From New Scientist:
City living comes with unique challenges. If you’re a lizard, scaling a windowpane without sliding off is one of them. One lizard has already evolved traits to help it do just that.
“Urban areas are just another environment. The animals that live there aren’t somehow immune to natural selection,” says Kristin Winchell of the University of Massachusetts Boston.
Her team compared males of the anole lizard (Anolis cristatellus) in the Puerto Rican cities of Mayagüez, Ponce and San Juan with those in nearby forests.
They found that city lizards regularly clung to objects like walls and windows, proving that they use the full urban environment instead of restricting themselves to wild patches more similar to their forest roots.
Compared with forest-dwellers, city lizards had longer limbs and more lamellae – scale-like structures that help their toes stick to surfaces. These traits probably enable them to stay attached to slippery urban perches. “I chased a lizard that ran straight up a window 30 feet and was out of reach in 15 seconds,” says Winchell. “I couldn’t catch this well-adapted lizard.”
The team also raised urban and forest lizards from the Mayagüez region in the lab and found that differences in limb length and scale number remained, suggesting a genetic basis to the urban lizards’ abilities.
The anole frequently wows scientists with feats of rapid evolution in natural environments. The new finding suggests that this capacity applies to cities as well.
Other urban animals also adapt.

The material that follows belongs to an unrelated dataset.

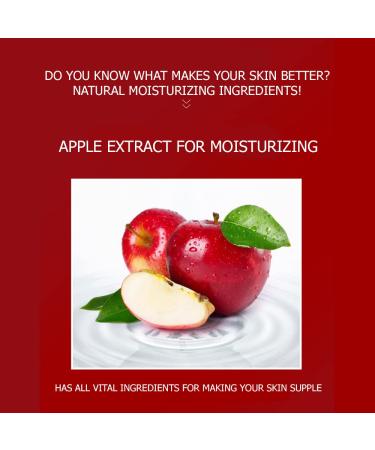 VENZEN Red Apple Skin Moisture Face Mask - Hyaluronic Acid 10 Pack (25g Each) | Refreshing Facial Care for Hydration & Replenishment - Buy Online on GoSupps.com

We know, for example, that birds alter calls to be heard over city noise and leafcutter ants adapt to elevated temperatures in an urban heat island.
But well-studied examples are rare. “Urban evolution is a really young field,” says Winchell.
Evolutionary biologist Jason Munshi-South of Fordham University in New York agrees. “There aren’t many documented cases of urban evolution yet, but people are going to start looking for them in earnest,” he says.
Munshi-South believes Winchell’s study is an excellent addition to this emerging field. “The next step,” he says, “which I’m excited to see them do, is to identify the genes underlying these adaptive traits.”
Winchell says that, ultimately, understanding urban adaption could help conservation. “Having a grasp on which animals tolerate urbanisation gives us a better idea of which ones we need to focus on when preserving natural habitats,” she says.